This treatment turned the milk of Macgregor’s nature to bitterness, and it is not surprising, when the general condition of the country, and the ordinary strain of men’s ideas in that age are considered, that he sought in a wild and lawless way to right himself with his oppressors—above all with the Duke of Montrose. From the rough country round Ben Lomond, he could any night stoop upon his Grace’s Lowland farms, and make booty of meal and cattle. Strange to say, while thus setting the law at defiance, he obtained a certain steady amount of countenance and protection from both of the great Campbell chiefs, Argyle and Breadalbane. The government made an effort to impose a check upon his career by planting a little fort at Inversnaid;[450] but Rob Roy, nevertheless, continued in his lawless course of |1712.| life. On the side of Loch Lomond, near Inversnaid, there is a cave formed by a flexure in the stratification of the mountain: here Rob occasionally took refuge when hard pressed. It is curious to reflect that this strange exemplification of predatory life was realised in a not very remote part of our island, in the days when Addison and Pope were regaling the refined people of London with the productions of their genius. Rob is described as a short, robust man, with bushy hair and beard, and legs covered so thickly with red hair as to resemble those of a Highland bull. His cognomen ‘Roy’ expresses his ruddy complexion. It is admitted that, amidst his wild life, he was not without humanity or feeling for the unfortunate, and, what is perhaps more strange, that he was a sagacious and politic sort of person, who never would go into any quarrel or contention which was not likely to result in some practical benefit or advantage. It was probably owing to this cool temperament, that, though he mustered a body of clansmen for the Stuart cause in 1715, he yet stood neutral at the battle of Sheriffmuir, alike afraid to offend King James, on the one hand, and his patron, the Duke of Argyle, on the other.

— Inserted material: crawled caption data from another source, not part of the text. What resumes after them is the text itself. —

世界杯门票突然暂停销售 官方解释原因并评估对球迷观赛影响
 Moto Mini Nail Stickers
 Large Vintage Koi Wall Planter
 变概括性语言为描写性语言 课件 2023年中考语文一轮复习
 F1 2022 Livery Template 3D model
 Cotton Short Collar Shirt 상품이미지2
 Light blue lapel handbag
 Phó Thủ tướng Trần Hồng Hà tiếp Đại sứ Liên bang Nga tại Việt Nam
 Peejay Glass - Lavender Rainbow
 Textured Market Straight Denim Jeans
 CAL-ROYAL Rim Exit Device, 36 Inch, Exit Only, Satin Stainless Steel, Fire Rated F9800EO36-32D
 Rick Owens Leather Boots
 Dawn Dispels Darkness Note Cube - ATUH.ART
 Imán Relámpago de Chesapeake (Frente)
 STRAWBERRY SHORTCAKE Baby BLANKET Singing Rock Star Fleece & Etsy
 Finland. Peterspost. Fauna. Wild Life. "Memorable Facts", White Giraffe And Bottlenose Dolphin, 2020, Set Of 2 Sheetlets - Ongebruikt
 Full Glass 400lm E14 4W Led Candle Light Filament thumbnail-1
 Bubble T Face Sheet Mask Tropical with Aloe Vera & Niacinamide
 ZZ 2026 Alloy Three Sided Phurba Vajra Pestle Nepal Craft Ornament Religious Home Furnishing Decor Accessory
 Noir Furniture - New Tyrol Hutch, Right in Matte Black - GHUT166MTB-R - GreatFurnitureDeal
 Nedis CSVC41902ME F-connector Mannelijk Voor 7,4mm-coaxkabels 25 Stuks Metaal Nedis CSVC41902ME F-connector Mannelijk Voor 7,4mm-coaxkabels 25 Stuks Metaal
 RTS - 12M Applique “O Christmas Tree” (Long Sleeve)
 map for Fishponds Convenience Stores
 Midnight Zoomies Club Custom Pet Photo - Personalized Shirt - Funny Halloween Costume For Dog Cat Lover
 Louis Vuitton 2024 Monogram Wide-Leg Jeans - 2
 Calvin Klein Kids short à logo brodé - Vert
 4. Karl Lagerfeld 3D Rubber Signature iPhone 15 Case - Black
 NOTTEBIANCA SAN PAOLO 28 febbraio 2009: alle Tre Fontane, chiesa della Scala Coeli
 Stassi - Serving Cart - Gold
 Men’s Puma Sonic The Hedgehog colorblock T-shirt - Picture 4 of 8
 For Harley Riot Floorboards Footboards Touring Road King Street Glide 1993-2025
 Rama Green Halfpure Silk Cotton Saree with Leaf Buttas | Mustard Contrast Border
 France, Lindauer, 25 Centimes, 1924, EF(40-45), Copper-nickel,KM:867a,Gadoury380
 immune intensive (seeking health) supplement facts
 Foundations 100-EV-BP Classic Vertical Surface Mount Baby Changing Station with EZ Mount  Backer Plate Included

A singular and not very decent lawsuit took place at this time between the Earl of Bute and his stepmother, the Dowager Countess, widow of the first earl, by whom this family was first raised to any considerable distinction. When the deceased peer went to Bath in the spring of 1710, a few months before his death, he granted a liferent of 3300 merks (£183, 6s. 8d. sterling) to his lady. The present peer—father, by the way, of George III.’s celebrated minister—refused to pay this annuity, and the countess raised an action against him for it, and also for the annual rents of her own son’s patrimony. The only objection presented by the earl in his defence was, that the lady had profited unduly already out of her husband’s property, having at his death appropriated large sums of ‘lying money.’ The matter being referred to her oath, she acknowledged having had in hand at her lord’s death forty pounds, with a purse containing ‘sundry medals and purse-pennies given by the earl and others to her and her son, in which number there were some guineas; and the whole might be about £60 sterling.’ She averred that ‘she had nothing as the product of any trade she drove, except two or three ells of alamode;’[451] |1712.| she had made nothing in her husband’s lifetime by lending money; there had been presents from the tenants in kind and in money, and her husband had given them to her. The peer seems to have gained nothing by challenging the claims of his stepmother beyond the forty pounds of ‘lying money.’[452]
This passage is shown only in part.